|August 9, 2005
Past Alberta Federation of Labour (AFL) President, now AFL Secretary-Treasurer Kerry Barrett, is warning workers in the province to take
a careful look at some of the 'unions' that are supposed to represent them.
"Anti-union employers have always used a variety of tools to try to prevent workers from exercising their democratic right to union
representation," says Barrett. "One of these tools is the 'dummy' union - established with the cooperation of the employer to block the
formation of a real union representing the workers' interests."
Provincial union leaders have long argued that Alberta's labour laws put obstacles in the way of legitimate unions trying to organize
workers.
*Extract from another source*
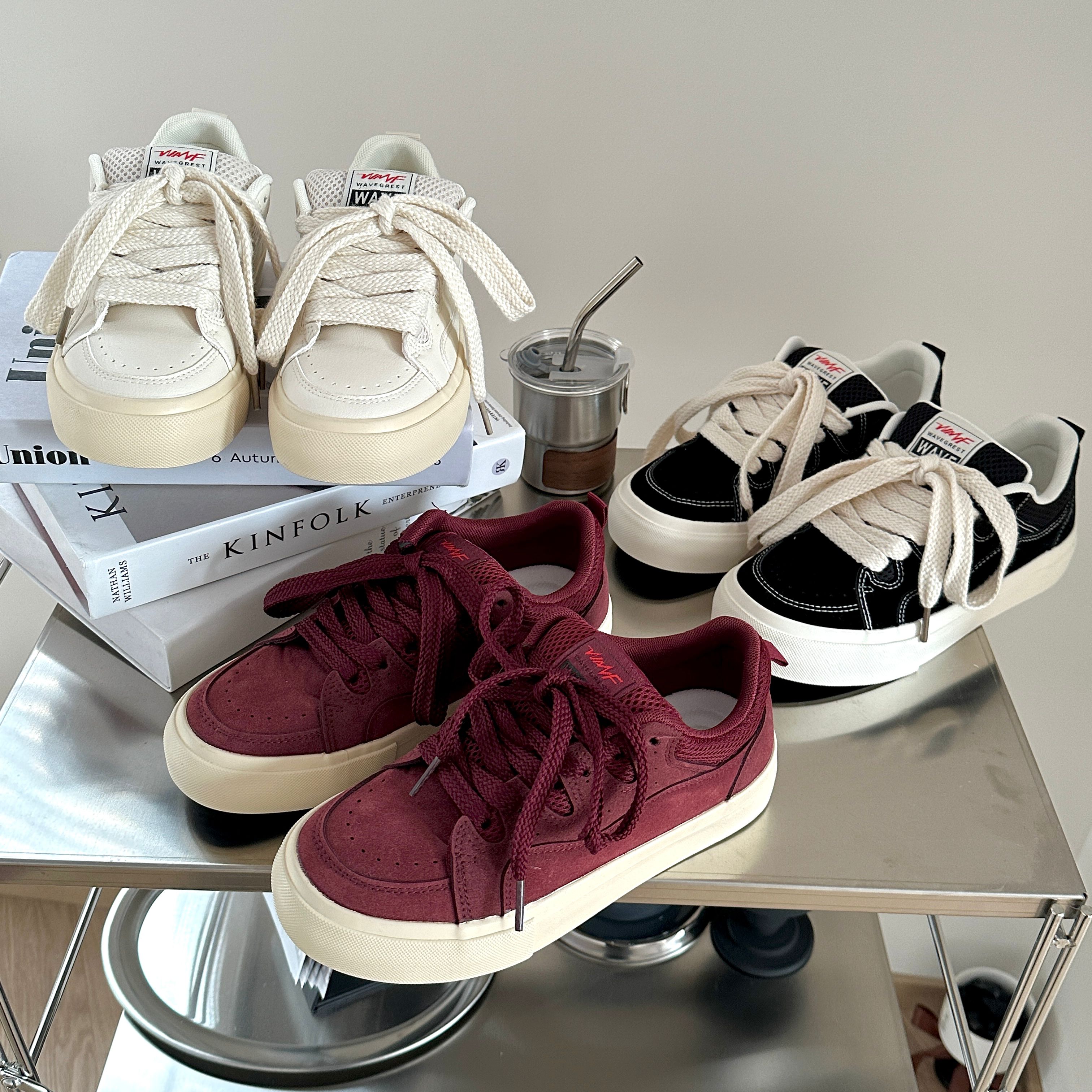 小众高级酒红女鞋厚底板鞋2025春季新款高颜值透气学生小白鞋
Employers can use loopholes in the law to threaten and intimidate workers, refuse to bargain with the union, and employ
"But the dummy or 'rat' union," Barrett points out, "comes into the workplace with the full cooperation of the boss. Workers are
encouraged to sign up, and the employer will either help the 'union' win the certification vote or offer 'voluntary recognition', eliminating the
need for a vote by the employees.
"This is a sweet deal for both the dummy union and the employer. The former gets the exclusive right to represent employees and collect
dues. That latter gets a union that is compliant - that doesn't bargain hard for its members or protect their rights under the contract."
Barrett says the AFL sees these dummy unions appearing in Alberta on a regular basis: "Whether they call themselves unions or
'associations', the basic story is always the same. These are unions in name only. Their real purpose isn't to represent their members
but rather to accommodate the employer. The Labour Relations Code is supposed to bar company unions, but here, as in so many
other cases, the law does a very poor job of protecting workers' rights."
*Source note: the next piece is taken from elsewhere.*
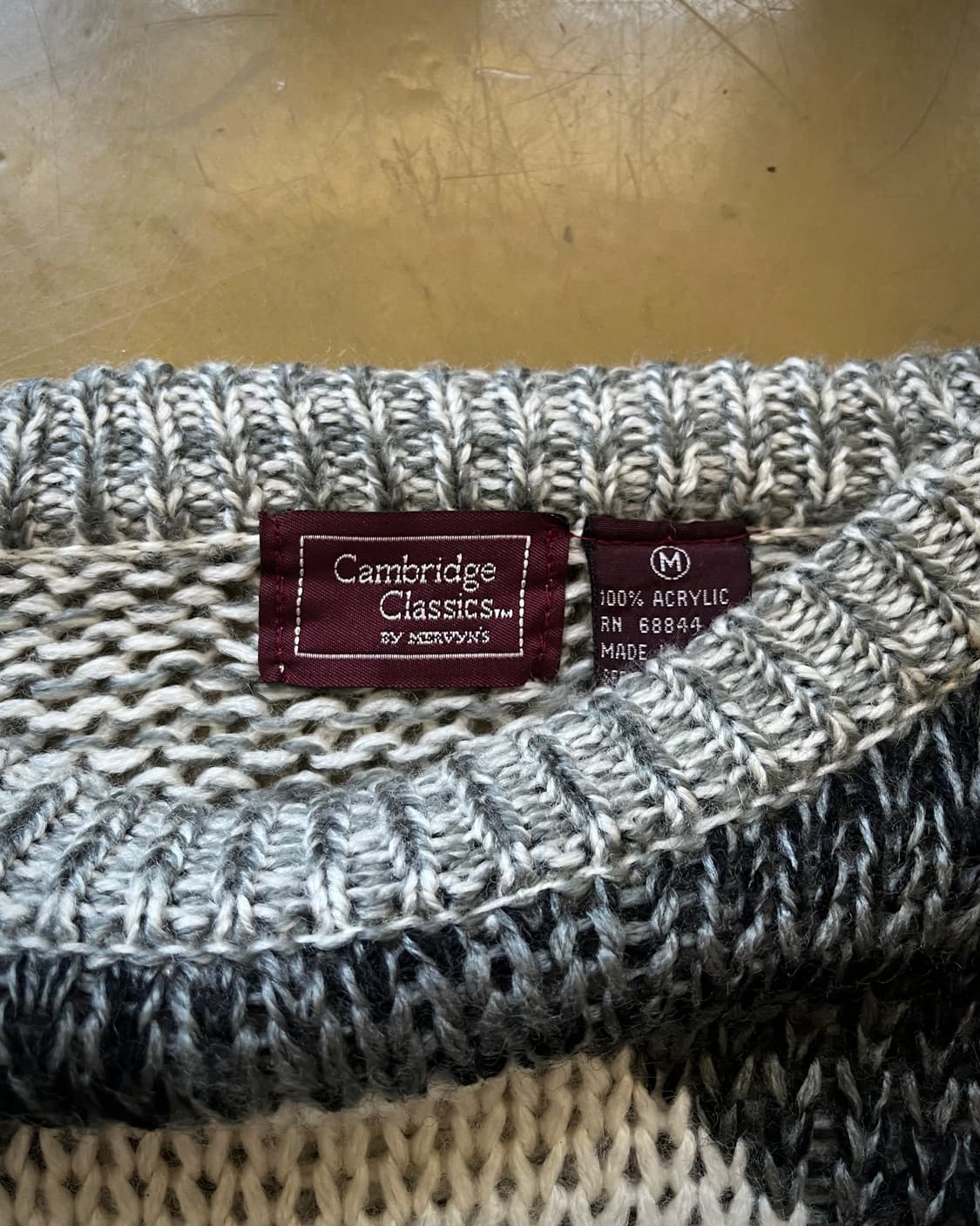 Cambridge Classics Leather Patch Sweater 상품이미지4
Barrett points out that straightforward company unions are only a part of the problem: "We also have to contend with groups like CLAC
(the Christian Labour Alliance of Canada). CLAC isn't a company union, but we think it does much the same thing, even though the
Alberta Labour Relations Board has ruled that it's a bona fide trade union.
"The majority of CLAC's members in Alberta come from workplaces certified through voluntary recognition. That means that nobody in
these workplaces ever voted to certify CLAC as the union - nobody except CLAC itself and the employer that is. There's nothing wrong
with voluntary recognition per se, it's provided for in the Labour Relations Code, and it allows union-friendly employers to accommodate
workers desire for union representation without going through the adversarial certification process. But when a union relies on voluntary
certifications to the extent that CLAC does, when more than half a union's members come from deals negotiated with employers rather
than from a democratic vote, it does tend to make you suspicious."
There are good reasons why employers might want to see CLAC be the union certified in their workplaces. For one thing, CLAC's
'philosophy' practically guarantees that the employer doesn't have to worry about employees taking strike action. While CLAC doesn't
absolutely rule out the possibility that a local may take strike action, it almost never happens, and the union's reluctance to strike is well
known to employers. As well, CLAC frequently negotiates 'no-strike' contracts in which local unions effectively give up the right to strike.
"Nobody likes strikes," says Barrett, "and unions don't choose the strike option lightly, but giving up the right to strike unilaterally means
depriving your members of an important piece of economic leverage. A union that has the right to strike and is really trying to represent
its members would be slow to use the strike weapon, but even slower to abandon it entirely.
"What are we to make of a self-styled 'bona fide trade union' that gets half of its members in the province of Alberta from one voluntary
recognition - from Save-On Foods - and then signs a no-strike contract with that employer."
Barrett says it's time for the labour movement in Alberta to take a stand against dummy unions. "We'll be talking to our affiliates and to
the Canadian Labour Congress about this issue. We have to educate our members and the public about the problem, and we have to
be prepared to confront dummy unions wherever and whenever they appear."